DEMOKRATİK ÇÖKÜŞÜN BİLİMSEL VEÇHESİ
Geri kalmış bir ülkenin demokratik siyâset ve kapitalist ekonomi ile kalkınması veya gelişmesi mümkün değildir. Çünki geri bir ülkenin inisiyatif kazanma ve kalkınma yolunda kullanabileceği yegâne sermayesi “ insan gücü” ve/veya “beyin gücü”dür. Ama hernasılsa –bir şekilde- yetişmiş beyinlerin bir araya gelmesini önlemek ve onları “geri zekâlı”larla kuşatarak tecrite almak –ve hatta ülkeden kaçırtmak- da demokratik olarak(!) gâyet kolaydır…. Buradaki esas mesele, sürü sâikiyle –alışılmış veya alıştırılmış- ihtiyaçları talep etme eğiliminde olan çoğunluğun kararları ile yaratıcı ve yol gösterici birey(bilimci, düşünür vs.) kararlarını dengeleme noktasındadır… Sadece çoğunluğun oylarıyla belirlenen egemenlik ve iktidar anlayışı meşru sayılamaz. (Her ne kadar bazı hukuki denetim yolları ve müesseseleri düşünülmüş ve tesis edilmişse de, başkalarına bağımlı ve geri kalmış ülkelerde bu tedbirlerin(!), züğürt tesellisinden öte bir anlamı yoktur.) Çünki toplumu, ancak seçkin bireyler tarafından tesbit edilebilen –estetik ve matematikle ilgili- bilimsel hedeflerden veya inisiyatörlerin rehberliğinde girilebilen ulûhiyet yolundan mahrum bırakır. Ve bu şekilde, kronik ilerleme özelliğini veya gelişme temposunu kaybetmiş bir toplum da –dinî ve/veya mistik mugâlâtalarda teselli aramakla birlikte- giderek bir hayvan faunasına benzer; dolayısile insan kılığındaki mensupları da biribirini yer…

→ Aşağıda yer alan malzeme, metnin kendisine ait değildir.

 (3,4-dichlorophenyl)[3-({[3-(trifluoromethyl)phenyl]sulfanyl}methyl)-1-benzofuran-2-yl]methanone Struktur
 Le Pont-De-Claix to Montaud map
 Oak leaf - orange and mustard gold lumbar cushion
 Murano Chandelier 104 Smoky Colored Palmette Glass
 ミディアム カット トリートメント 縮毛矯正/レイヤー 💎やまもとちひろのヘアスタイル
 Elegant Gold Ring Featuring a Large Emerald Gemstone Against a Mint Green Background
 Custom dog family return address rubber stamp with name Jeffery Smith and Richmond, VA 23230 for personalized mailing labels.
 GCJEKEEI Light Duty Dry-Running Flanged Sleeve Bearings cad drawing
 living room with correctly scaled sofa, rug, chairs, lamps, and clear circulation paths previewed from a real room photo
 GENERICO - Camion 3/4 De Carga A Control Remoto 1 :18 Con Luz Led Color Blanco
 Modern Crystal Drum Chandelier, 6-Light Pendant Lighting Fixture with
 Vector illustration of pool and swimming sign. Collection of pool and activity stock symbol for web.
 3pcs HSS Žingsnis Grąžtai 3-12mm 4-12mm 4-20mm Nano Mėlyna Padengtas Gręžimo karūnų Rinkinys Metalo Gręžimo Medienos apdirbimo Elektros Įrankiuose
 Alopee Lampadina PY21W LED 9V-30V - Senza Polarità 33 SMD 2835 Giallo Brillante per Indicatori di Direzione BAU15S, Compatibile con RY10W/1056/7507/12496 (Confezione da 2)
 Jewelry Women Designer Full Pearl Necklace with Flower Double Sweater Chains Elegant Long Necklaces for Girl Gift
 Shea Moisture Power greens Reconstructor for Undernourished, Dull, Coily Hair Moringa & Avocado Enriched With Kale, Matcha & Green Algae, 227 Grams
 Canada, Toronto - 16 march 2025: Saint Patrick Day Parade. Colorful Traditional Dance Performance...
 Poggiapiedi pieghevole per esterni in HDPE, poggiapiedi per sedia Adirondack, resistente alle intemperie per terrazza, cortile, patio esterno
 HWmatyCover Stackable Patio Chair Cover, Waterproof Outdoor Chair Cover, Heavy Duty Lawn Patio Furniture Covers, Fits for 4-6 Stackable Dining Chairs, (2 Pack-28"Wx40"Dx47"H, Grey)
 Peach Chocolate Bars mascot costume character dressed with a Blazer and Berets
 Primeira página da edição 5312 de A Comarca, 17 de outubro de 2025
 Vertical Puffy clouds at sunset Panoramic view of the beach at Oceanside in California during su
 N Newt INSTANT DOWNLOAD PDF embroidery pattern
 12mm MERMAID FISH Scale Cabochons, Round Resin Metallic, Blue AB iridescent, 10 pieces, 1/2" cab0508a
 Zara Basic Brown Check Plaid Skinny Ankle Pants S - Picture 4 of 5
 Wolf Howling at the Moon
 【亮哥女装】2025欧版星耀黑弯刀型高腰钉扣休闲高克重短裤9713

27 Mayıs 1960’tan sonra ülkemiz, kalkınma yolunda çok önemli bir fırsat yakalamıştı. Askerler, Üniversite’ye ve bilim adamlarına çok değer veriyor ve saygı gösteriyorlardı. Hatta ne garip ve/veya mûcizevî bir önsezidir ki, yönetici konumunda olan subaylar danışman olarak, hukukçu-mukukçu ve iktisatçı-miktisatçı’lardan çok, bir matematikçiye(bizim Cahit Arf hocamıza) güveniyor ve idârî konularda dahi onun fikrini soruyorlardı. Sanki hukuk, iktisat gibi branşların pek de bilimsel olmadığını, bunların –sâbitelere ve değişmez ölçülere dayanmayan- nedensellik mantığının gâyet oynak veya seyyal disiplinleri olduğunu anlıyorlarmış gibiydiler…
Bilimsel çalışmaları ile zâten bir “zirve” konumunda olan Masatoşi(sonradan Gündüz) İkeda burada hem laborant kadrosunda çalıştırılıyor hem de akademik kariyeri örtbas ediliyordu. Dolayısile matematikten ve bu entrikalardan anlamayanlar ve bilhassa öğrenciler açısından çok garip bir durum çıkıyordu ortaya; bölüm başkanı zâtmı daha değerli bilim adamı, yoksa İkeda’mı diye… Ben İkeda’nın verdiği cebir derslerinin tatbikâtını yaptırıyordum; hem de kendisinden ihtisas anlamında eğitim alıyordum; yani onun asistanı konumundaydım. Ama özlük ve kariyer edinme işleri bakımından da bölüm başkanına bağlıydım tabii ki… Buna rağmen –bilim adamı olacak her gençte bulunması gereken- Cengiz Uluçay yapmak istedi. Kurucu rektör Kemal Kurdaş’ın da hayırhah tavrıyla ODTÜ’yü, o zamanlar pek meşhur olan Amerika’daki Prinston Üniversitesi gibi bir bilimsel
araştırma merkezi ve/veya bir ekol hâline getirmek arzusuna kapıldı.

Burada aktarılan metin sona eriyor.